- _What the task asks_
Say how many lines in this listing include the word "Collection", with no other words in the reply.
········
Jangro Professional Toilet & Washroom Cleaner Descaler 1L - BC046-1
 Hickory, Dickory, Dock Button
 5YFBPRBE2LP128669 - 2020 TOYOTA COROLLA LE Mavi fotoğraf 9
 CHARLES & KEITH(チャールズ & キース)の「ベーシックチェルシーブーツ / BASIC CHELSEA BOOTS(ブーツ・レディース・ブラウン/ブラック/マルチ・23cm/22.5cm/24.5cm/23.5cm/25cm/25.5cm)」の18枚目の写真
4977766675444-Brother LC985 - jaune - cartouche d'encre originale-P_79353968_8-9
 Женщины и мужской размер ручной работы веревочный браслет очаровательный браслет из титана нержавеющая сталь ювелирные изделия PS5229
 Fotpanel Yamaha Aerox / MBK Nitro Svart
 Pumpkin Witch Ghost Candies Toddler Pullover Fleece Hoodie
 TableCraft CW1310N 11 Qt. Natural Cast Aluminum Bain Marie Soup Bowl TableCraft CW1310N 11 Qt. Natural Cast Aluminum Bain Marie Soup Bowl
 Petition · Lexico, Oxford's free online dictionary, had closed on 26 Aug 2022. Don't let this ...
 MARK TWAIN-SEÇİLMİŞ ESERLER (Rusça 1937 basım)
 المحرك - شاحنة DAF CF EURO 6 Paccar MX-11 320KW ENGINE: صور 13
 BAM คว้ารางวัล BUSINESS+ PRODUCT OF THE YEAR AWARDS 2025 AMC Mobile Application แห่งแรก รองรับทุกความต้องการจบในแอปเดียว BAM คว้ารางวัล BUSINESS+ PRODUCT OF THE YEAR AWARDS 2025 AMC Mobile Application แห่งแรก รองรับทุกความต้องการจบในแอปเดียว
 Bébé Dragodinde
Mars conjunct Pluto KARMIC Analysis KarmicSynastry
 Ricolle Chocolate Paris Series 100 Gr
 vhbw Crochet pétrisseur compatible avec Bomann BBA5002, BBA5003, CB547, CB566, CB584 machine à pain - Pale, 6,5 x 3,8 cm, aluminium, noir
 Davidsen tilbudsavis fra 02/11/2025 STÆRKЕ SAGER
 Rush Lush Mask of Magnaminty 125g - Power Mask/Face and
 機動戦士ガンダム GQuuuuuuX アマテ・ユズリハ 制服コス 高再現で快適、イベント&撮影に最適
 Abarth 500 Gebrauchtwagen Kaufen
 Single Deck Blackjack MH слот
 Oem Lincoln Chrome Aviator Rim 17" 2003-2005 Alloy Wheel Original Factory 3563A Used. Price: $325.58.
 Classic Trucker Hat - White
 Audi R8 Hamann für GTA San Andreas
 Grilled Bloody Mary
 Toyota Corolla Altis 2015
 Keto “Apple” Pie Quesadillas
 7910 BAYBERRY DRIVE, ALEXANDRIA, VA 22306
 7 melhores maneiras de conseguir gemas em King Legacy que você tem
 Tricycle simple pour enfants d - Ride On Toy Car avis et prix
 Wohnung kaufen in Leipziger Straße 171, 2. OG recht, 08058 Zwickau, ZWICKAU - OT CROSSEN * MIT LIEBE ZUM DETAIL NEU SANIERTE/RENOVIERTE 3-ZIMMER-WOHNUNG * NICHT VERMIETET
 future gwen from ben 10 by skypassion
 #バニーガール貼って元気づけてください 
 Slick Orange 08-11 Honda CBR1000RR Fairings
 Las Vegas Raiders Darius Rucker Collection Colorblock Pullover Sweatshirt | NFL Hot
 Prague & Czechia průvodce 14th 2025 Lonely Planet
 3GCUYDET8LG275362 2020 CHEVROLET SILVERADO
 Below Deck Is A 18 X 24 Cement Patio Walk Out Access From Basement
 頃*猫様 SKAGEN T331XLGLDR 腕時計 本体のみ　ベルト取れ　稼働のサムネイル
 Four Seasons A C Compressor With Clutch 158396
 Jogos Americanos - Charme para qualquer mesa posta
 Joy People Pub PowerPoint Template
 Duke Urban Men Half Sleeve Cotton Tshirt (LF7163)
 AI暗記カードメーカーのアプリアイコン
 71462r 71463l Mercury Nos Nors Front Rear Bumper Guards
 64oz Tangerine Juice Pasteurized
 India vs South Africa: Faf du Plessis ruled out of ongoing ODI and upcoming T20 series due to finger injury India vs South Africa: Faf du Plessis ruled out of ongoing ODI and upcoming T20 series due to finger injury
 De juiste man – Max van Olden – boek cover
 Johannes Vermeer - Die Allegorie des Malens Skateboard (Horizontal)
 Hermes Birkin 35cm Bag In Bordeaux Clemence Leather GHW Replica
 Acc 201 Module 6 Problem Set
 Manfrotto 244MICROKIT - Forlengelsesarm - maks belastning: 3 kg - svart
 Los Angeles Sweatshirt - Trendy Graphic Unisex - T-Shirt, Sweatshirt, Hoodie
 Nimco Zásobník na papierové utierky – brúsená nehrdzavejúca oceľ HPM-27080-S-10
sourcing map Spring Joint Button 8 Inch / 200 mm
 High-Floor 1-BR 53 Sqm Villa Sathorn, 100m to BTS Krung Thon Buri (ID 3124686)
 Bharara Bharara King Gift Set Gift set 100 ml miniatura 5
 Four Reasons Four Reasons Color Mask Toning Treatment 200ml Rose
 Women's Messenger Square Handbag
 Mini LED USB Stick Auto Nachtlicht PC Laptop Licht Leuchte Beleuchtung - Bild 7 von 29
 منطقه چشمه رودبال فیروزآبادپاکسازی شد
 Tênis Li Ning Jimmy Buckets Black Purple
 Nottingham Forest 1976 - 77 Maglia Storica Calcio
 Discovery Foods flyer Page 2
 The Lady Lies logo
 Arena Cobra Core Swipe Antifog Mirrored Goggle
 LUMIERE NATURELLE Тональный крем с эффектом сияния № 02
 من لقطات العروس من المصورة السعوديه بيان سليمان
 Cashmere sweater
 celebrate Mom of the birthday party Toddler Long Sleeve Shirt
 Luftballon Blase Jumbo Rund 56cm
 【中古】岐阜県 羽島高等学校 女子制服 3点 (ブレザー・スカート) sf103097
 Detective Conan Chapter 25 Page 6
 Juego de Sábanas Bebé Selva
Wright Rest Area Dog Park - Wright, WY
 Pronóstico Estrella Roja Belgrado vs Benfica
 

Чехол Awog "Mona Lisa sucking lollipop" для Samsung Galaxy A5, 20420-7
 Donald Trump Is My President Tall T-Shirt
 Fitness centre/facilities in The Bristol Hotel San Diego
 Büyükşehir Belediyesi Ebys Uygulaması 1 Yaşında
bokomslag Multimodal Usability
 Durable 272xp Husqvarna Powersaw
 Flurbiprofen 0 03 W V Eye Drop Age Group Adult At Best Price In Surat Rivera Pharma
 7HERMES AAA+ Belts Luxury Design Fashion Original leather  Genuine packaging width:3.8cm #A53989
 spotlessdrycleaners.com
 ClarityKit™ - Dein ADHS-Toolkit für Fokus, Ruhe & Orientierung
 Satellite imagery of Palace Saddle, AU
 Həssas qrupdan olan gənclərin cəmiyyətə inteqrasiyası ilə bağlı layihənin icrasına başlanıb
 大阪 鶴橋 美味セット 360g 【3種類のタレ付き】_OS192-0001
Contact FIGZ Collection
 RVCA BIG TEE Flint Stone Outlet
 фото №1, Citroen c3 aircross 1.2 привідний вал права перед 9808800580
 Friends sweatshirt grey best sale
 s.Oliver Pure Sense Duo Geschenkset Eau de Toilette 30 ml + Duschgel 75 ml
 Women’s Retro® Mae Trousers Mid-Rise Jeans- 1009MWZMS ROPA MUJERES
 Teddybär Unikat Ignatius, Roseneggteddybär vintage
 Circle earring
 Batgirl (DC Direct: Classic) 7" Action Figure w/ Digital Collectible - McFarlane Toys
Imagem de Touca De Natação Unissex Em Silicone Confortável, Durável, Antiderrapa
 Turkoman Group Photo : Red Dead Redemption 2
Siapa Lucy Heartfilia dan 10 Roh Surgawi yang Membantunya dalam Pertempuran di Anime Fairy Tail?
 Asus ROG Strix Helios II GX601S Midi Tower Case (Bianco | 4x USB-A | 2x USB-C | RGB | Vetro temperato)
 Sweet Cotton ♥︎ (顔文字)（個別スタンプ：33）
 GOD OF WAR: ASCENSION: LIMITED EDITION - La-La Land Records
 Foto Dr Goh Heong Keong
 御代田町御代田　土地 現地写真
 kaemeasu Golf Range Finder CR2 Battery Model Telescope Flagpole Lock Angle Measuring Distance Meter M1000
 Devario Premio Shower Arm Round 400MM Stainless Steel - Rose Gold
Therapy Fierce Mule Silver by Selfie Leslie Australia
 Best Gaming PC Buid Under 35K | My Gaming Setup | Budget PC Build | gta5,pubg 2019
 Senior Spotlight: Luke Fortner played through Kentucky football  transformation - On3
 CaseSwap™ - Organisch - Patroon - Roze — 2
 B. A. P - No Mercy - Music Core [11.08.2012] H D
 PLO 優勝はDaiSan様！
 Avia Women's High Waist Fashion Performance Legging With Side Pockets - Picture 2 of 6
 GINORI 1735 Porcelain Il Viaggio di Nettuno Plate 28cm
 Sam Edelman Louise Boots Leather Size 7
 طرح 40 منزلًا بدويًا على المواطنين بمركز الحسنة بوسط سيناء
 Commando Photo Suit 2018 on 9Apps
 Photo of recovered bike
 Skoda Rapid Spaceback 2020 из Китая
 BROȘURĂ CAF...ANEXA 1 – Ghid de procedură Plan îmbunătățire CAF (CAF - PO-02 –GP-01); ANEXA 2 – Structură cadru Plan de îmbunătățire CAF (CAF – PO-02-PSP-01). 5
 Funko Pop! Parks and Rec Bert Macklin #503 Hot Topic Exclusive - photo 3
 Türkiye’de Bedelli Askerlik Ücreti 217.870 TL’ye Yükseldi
········
- _Solved problem_
2